Every antenna system has a frequency on which it operates most efficiently, so for best results this frequency, determined by experiment, should coincide with the operating frequency of the transmitter.
OPERATING a transmitter at highest efficiency requires, first, a thorough knowledge of "what makes the wheels go around," and, second, plenty of experience with blown tubes, blasted hopes, and depleted finances.
Leaving the second requirement to the fates, I will briefly describe the method of putting a simple Hartley circuit into operation.
Check over the wiring, arrange the clips on the primary inductance in somewhat the relative positions shown in the circuit diagrams, apply the rated voltage to the filament and about 25% of the rated voltage to the plate.
If there is no display of fireworks, touch the ends of the primary inductance with a wooden-handled screw-driver.
A lively arc to the screw-driver indicates that the circuit is oscillating.
With an accurate wavemeter (an absolute requisite for every transmitting station) find out on what wavelength the set is oscillating.

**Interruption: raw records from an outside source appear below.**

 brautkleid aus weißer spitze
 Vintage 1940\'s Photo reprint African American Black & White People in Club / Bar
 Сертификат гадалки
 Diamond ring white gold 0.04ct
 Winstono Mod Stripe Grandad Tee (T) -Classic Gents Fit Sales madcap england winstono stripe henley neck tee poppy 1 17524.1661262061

By varying the tank circuit inductance and capacity, the set can be made to oscillate on the desired wavelength.
The grid and plate circuits are now tuned for greatest efficiency, which is usually indicated by lowest input to the plate.
Now place the antenna circuit in resonance with the driver and apply full power to the plate.

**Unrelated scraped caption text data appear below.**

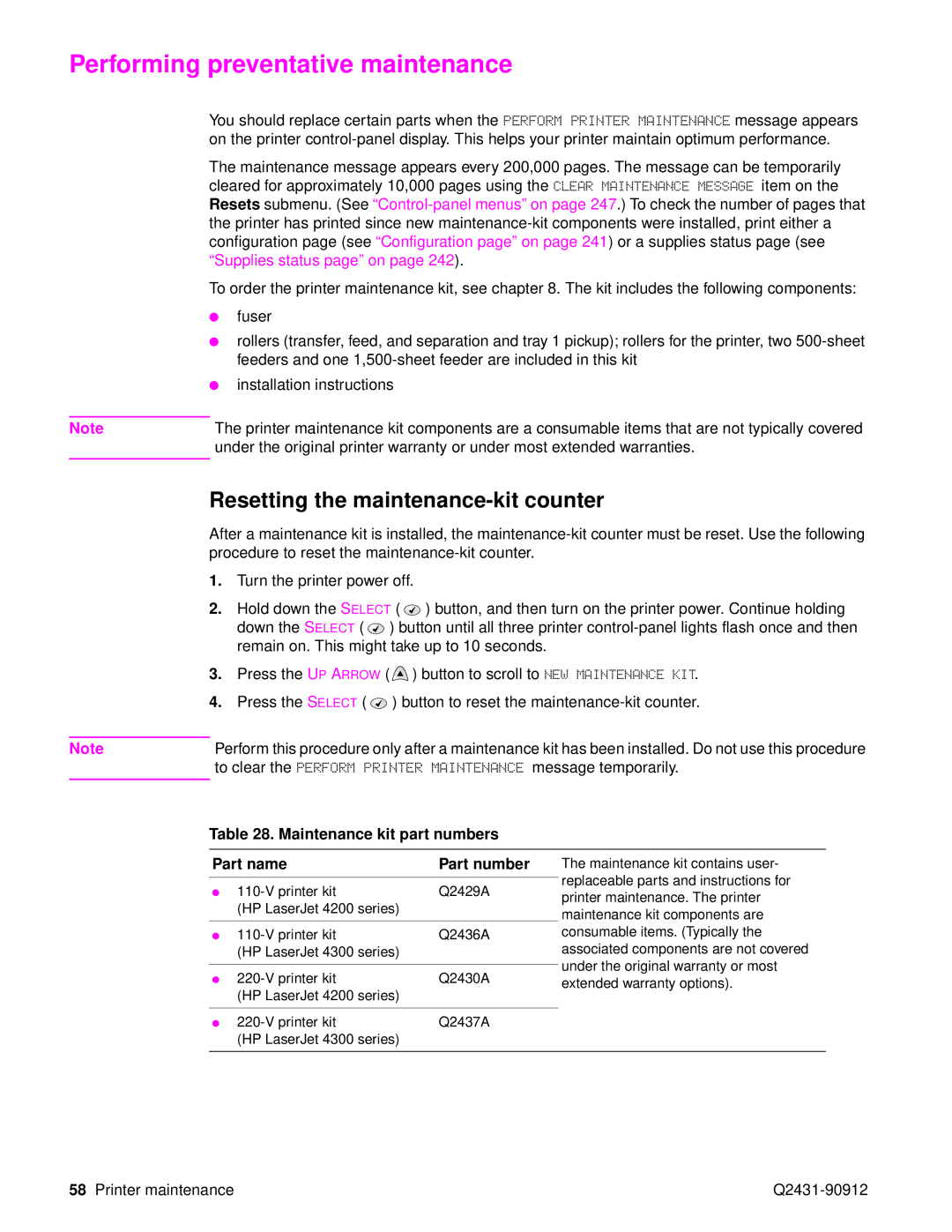 HP Pro 4300 C9H70UT C9H70UT#ABA manual Performing preventative maintenance, Resetting the maintenance-kit counter 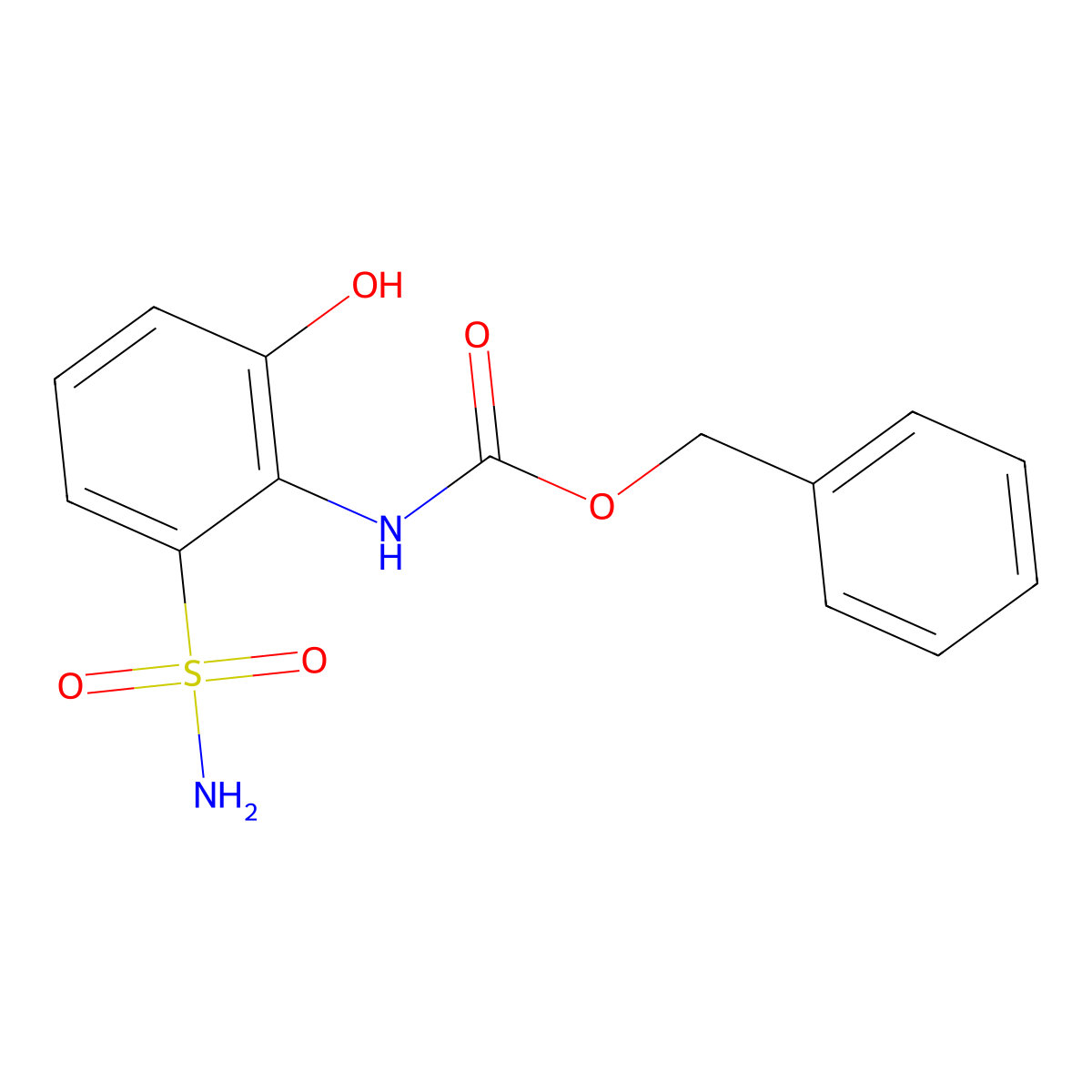 benzyl N-(2-hydroxy-6-sulfamoylphenyl)carbamate molecular structure, CAS 2680662-58-0
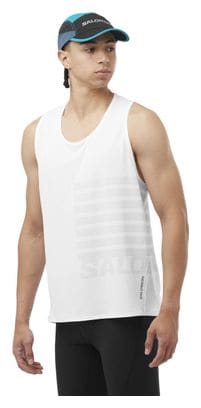 Camiseta de tirantes para hombre Salomon Sense Aero Graphic Blanca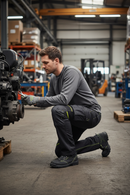 Premium Slim Fit Stretch Work Trousers with Water-Repellent Fabric and Knee Pad Pockets for Maximum Comfort and Flexibility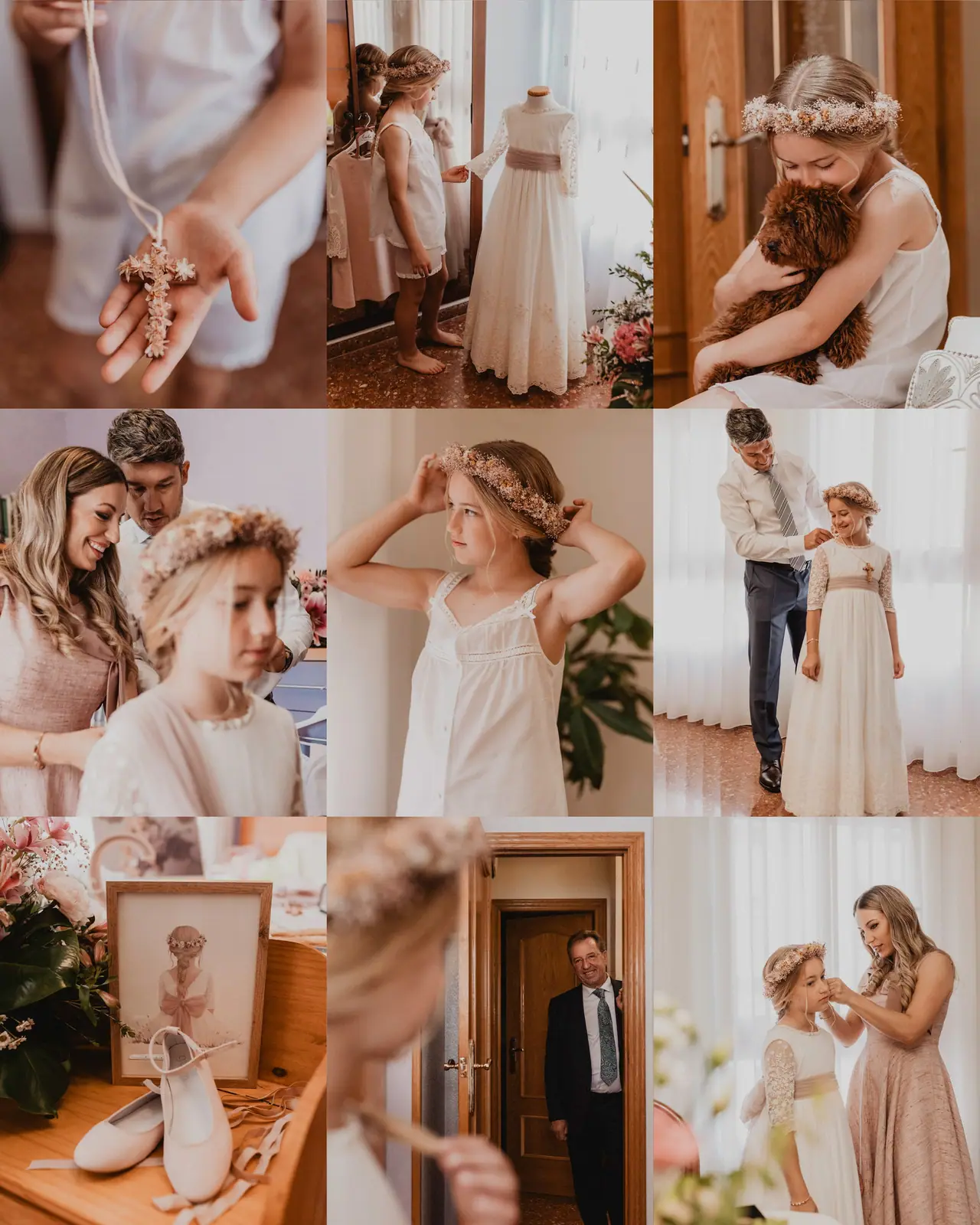 Fotografía de comunión: collage preparativos casa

The increased input and newly added load on the oscillator will require careful readjustment of all the circuits for greatest output.
Re-check the wavelength and listen for harmonics in your receiver to discover whether or not the emitted wave is steady in character and free from thumps and warbles when the key is operated.

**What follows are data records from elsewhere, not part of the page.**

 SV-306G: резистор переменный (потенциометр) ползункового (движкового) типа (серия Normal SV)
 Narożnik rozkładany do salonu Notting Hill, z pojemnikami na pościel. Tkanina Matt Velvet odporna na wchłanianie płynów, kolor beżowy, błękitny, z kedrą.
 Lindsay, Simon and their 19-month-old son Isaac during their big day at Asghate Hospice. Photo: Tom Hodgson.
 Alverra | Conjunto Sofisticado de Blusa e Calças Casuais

With a little additional nursing, the set should be ready for business-but don't expect to talk to Timbuktu first thing.
Really satisfactory operation can be expected only after a good deal of midnight oil and honest toil have been expended in "rehashing" the apparatus.
The character of the emitted signal counts for fully as much as signal strength in long distance work under adverse conditions.
A swinging antenna will cause a wobbly note, and a poorly filtered power supply will cause a deep growl instead of a flute-like D.C. note.
In each case the remedy is almost obvious. Loose coupling to the antenna, now required in all station licenses, has been of great assistance in sharpening and steadying our signals.
A TRANSMISSION system not previously mentioned consists of a master oscillator-power amplifier arrangement.
The only type of this system that is outstandingly successful on high frequencies utilizes a quartz crystal oscillator, frequency doublers and power amplifiers to supply an absolutely unvarying frequency to the antenna—the ideal arrangement, but too complex and expensive for the unseasoned experimenter.
Even if not pursued seriously, the amateur game is an avocation decidedly worth-while.
A high frequency transmitter can gain you lasting friendships with young fellows all over the world.
It can be a novel, yet effective, means of studying that ever-interesting abstraction, human nature, or it can be a substantial foundation upon which to base later scientific work.
It has been impossible in these pages to more than outline a few of the more essential points which must be considered in the construction of an amateur high frequency transmitter.
Supplementary reading should, of course, be undertaken before one goes into the subject seriously. Ballantine's RADIO TELEPHONY FOR AMATEURS is revered almost as gospel by the amateur fraternity.
Interested parties should by all means join the American Radio Relay League (Head-
quarters, Hartford, Connecticut), a mutual organization of practically all the active amateurs in the world.
A membership will be a means of placing you in touch with all the worth-while developments in the amateur game.
The real thrill in amateur work comes not from talking to stations in distant lands, not from receiving multitudes of "QSL" cards from all the world, although these are things to stir your imagination, but from knowing that by careful and painstaking work and by diligent and systematic study you have been able to accomplish some feat or establish some fact that is a new step toward more perfect communication.